Available records:

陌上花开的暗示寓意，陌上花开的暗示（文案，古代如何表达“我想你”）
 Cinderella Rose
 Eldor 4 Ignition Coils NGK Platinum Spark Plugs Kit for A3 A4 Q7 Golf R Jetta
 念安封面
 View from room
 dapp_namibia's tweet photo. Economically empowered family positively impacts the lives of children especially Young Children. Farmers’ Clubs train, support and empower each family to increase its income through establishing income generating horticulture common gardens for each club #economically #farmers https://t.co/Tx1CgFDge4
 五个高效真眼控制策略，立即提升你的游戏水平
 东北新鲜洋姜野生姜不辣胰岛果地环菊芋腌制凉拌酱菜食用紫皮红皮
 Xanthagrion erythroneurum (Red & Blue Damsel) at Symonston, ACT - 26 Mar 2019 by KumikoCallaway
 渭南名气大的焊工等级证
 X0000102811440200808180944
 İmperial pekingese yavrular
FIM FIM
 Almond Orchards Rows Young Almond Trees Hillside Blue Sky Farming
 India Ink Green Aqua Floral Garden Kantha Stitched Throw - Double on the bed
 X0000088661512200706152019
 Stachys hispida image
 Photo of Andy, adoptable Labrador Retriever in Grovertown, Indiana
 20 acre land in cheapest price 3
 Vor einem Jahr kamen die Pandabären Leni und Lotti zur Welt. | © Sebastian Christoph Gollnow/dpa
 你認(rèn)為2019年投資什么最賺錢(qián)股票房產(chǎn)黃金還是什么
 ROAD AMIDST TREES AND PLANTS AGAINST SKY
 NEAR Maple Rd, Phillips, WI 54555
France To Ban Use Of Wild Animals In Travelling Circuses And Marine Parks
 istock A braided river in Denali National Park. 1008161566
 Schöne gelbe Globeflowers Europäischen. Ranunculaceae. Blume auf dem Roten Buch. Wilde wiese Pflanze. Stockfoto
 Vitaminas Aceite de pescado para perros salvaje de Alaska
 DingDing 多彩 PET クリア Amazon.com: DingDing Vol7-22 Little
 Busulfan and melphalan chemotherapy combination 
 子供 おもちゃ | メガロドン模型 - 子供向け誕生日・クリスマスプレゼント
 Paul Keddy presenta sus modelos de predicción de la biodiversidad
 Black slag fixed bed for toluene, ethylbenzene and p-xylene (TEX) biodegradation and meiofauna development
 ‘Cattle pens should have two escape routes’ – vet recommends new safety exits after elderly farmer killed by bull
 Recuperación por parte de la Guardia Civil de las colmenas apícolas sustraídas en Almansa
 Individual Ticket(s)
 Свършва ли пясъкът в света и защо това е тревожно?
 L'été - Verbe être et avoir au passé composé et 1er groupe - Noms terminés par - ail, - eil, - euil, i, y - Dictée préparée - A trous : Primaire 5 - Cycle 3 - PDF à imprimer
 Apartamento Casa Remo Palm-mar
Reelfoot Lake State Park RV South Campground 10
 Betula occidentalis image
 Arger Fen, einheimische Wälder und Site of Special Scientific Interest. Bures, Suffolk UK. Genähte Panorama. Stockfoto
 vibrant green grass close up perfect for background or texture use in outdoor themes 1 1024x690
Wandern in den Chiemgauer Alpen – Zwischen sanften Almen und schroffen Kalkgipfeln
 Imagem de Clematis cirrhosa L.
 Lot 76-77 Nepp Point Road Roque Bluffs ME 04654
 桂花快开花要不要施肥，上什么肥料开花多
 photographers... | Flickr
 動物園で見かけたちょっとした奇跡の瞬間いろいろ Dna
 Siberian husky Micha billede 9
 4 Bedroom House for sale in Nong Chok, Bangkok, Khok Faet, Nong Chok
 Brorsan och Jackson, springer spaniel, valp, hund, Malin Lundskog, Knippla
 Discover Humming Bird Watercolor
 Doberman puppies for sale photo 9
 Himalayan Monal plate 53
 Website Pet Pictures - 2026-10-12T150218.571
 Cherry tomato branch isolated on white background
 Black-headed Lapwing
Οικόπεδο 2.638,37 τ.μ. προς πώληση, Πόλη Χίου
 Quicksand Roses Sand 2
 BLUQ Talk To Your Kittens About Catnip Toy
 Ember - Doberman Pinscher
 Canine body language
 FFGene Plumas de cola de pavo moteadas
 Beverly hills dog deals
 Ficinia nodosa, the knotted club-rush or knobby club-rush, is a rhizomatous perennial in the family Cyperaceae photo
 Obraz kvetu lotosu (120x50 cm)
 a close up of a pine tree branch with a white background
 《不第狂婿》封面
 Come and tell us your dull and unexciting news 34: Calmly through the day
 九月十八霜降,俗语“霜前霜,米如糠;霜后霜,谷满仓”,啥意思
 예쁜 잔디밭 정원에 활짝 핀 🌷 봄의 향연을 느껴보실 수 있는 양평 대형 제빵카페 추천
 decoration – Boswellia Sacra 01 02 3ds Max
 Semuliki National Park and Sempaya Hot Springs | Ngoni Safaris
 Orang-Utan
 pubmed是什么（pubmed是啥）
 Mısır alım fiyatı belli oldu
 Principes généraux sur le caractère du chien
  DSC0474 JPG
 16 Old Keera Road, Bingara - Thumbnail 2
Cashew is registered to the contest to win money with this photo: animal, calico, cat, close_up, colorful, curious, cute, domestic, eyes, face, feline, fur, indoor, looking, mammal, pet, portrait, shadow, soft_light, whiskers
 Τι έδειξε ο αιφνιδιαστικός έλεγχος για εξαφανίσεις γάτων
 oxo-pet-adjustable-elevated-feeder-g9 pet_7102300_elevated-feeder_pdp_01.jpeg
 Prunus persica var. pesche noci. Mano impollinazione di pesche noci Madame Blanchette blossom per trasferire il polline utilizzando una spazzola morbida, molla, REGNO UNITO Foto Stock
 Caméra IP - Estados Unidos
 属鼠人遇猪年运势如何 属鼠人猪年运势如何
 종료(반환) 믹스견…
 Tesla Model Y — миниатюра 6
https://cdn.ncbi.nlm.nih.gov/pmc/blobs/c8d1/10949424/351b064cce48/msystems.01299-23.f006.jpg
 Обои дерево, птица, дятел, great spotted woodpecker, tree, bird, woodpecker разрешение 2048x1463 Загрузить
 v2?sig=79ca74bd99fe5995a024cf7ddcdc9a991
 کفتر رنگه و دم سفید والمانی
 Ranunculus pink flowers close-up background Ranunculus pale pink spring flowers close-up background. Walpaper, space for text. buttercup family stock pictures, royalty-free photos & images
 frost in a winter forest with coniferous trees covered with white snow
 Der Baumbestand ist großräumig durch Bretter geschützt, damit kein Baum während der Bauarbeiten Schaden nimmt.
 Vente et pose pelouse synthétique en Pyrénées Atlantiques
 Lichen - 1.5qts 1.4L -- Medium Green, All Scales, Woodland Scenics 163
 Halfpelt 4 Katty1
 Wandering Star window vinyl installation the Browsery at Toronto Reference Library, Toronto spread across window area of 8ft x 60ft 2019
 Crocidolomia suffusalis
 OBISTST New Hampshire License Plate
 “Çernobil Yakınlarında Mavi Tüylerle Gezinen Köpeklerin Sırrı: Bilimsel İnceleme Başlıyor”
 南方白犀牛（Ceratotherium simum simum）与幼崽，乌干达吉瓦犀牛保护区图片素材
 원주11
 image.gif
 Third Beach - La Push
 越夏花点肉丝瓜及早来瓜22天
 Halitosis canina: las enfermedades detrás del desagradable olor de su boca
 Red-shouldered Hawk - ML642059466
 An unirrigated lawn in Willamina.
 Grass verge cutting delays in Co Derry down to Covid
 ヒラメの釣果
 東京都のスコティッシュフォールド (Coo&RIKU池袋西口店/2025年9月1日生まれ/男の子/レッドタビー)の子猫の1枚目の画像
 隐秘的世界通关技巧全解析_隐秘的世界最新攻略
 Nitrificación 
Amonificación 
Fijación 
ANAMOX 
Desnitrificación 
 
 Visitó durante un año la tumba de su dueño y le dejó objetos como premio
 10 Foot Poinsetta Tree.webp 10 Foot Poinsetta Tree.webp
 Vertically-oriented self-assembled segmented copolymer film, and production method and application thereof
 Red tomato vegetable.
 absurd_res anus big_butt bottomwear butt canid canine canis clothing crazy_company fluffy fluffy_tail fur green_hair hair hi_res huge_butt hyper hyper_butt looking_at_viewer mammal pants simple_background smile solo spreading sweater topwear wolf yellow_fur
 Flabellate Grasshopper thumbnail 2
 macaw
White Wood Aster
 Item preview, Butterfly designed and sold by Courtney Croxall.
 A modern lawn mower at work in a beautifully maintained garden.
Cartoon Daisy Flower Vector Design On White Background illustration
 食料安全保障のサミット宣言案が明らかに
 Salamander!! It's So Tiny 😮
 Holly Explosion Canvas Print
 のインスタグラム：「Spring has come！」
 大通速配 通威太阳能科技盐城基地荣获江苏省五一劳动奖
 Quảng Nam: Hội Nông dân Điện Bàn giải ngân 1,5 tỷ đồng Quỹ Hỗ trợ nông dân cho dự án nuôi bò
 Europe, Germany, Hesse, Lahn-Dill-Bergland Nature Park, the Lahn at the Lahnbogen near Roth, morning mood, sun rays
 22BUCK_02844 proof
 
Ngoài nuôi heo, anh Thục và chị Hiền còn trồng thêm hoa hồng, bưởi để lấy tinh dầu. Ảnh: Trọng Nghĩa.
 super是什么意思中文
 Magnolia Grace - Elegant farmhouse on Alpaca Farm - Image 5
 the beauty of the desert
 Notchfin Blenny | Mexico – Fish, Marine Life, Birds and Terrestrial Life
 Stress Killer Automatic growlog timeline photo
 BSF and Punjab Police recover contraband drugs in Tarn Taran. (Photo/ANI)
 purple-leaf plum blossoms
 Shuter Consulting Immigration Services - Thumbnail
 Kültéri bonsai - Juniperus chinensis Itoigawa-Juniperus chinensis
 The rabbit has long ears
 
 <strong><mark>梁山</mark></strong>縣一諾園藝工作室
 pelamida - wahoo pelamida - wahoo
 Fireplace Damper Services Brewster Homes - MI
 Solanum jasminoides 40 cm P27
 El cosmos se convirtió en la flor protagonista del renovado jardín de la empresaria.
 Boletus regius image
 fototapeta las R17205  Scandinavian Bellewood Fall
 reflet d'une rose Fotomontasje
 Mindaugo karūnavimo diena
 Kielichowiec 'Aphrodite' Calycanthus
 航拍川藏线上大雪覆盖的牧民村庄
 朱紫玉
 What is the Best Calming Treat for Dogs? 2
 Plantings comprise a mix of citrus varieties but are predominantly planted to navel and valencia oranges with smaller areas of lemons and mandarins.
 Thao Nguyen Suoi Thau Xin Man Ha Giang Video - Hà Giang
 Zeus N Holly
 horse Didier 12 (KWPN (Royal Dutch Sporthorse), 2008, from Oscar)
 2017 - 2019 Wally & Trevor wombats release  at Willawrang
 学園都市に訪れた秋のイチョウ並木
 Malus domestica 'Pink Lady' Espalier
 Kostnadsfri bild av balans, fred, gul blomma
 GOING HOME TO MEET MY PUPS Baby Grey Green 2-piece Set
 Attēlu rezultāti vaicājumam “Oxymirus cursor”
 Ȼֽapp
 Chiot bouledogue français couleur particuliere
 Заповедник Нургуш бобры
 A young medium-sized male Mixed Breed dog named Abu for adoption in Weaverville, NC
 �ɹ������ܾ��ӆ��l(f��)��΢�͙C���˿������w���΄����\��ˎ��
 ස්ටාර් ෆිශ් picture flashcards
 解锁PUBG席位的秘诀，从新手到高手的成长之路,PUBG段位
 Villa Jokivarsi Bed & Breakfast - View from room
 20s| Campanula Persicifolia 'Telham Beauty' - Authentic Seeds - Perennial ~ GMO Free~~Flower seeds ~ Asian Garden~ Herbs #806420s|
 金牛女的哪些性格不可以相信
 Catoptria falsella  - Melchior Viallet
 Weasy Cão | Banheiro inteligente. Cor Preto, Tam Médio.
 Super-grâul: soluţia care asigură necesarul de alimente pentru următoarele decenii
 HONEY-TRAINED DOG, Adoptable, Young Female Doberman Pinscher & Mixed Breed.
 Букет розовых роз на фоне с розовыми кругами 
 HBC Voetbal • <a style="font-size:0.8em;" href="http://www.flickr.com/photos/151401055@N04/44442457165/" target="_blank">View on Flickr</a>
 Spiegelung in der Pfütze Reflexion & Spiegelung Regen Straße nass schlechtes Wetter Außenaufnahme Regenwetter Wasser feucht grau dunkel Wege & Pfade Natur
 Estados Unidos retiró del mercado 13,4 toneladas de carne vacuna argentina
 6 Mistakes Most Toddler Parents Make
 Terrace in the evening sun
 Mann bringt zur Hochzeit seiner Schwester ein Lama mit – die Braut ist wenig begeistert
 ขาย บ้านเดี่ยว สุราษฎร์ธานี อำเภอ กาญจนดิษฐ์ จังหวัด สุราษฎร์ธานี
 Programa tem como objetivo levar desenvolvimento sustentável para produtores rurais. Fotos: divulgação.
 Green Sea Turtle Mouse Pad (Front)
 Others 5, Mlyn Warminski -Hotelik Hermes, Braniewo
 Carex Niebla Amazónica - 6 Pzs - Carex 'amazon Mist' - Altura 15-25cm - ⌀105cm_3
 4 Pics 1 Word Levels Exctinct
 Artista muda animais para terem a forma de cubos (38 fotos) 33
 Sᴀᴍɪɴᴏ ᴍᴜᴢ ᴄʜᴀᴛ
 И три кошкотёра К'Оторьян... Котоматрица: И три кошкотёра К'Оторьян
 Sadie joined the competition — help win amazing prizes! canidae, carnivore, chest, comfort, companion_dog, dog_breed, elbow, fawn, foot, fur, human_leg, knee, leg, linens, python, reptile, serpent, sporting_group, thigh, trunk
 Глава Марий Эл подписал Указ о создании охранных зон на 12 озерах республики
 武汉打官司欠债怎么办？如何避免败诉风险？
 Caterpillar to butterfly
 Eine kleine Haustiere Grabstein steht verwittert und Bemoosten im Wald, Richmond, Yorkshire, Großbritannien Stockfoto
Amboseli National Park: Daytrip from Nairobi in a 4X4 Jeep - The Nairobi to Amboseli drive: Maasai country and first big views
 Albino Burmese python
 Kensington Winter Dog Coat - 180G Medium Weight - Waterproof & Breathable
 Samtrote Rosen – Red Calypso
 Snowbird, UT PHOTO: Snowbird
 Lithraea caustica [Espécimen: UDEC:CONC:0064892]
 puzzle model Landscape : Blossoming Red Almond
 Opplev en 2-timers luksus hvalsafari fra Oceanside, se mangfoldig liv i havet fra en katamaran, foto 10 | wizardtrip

Exercise objective: What you output must match the lines from the beginning of the material through the line with "Almond Orchards Rows" exactly, both ends included.

Result of the task:
陌上花开的暗示寓意，陌上花开的暗示（文案，古代如何表达“我想你”）
 Cinderella Rose
 Eldor 4 Ignition Coils NGK Platinum Spark Plugs Kit for A3 A4 Q7 Golf R Jetta
 念安封面
 View from room
 dapp_namibia's tweet photo. Economically empowered family positively impacts the lives of children especially Young Children. Farmers’ Clubs train, support and empower each family to increase its income through establishing income generating horticulture common gardens for each club #economically #farmers https://t.co/Tx1CgFDge4
 五个高效真眼控制策略，立即提升你的游戏水平
 东北新鲜洋姜野生姜不辣胰岛果地环菊芋腌制凉拌酱菜食用紫皮红皮
 Xanthagrion erythroneurum (Red & Blue Damsel) at Symonston, ACT - 26 Mar 2019 by KumikoCallaway
 渭南名气大的焊工等级证
 X0000102811440200808180944
 İmperial pekingese yavrular
FIM FIM
 Almond Orchards Rows Young Almond Trees Hillside Blue Sky Farming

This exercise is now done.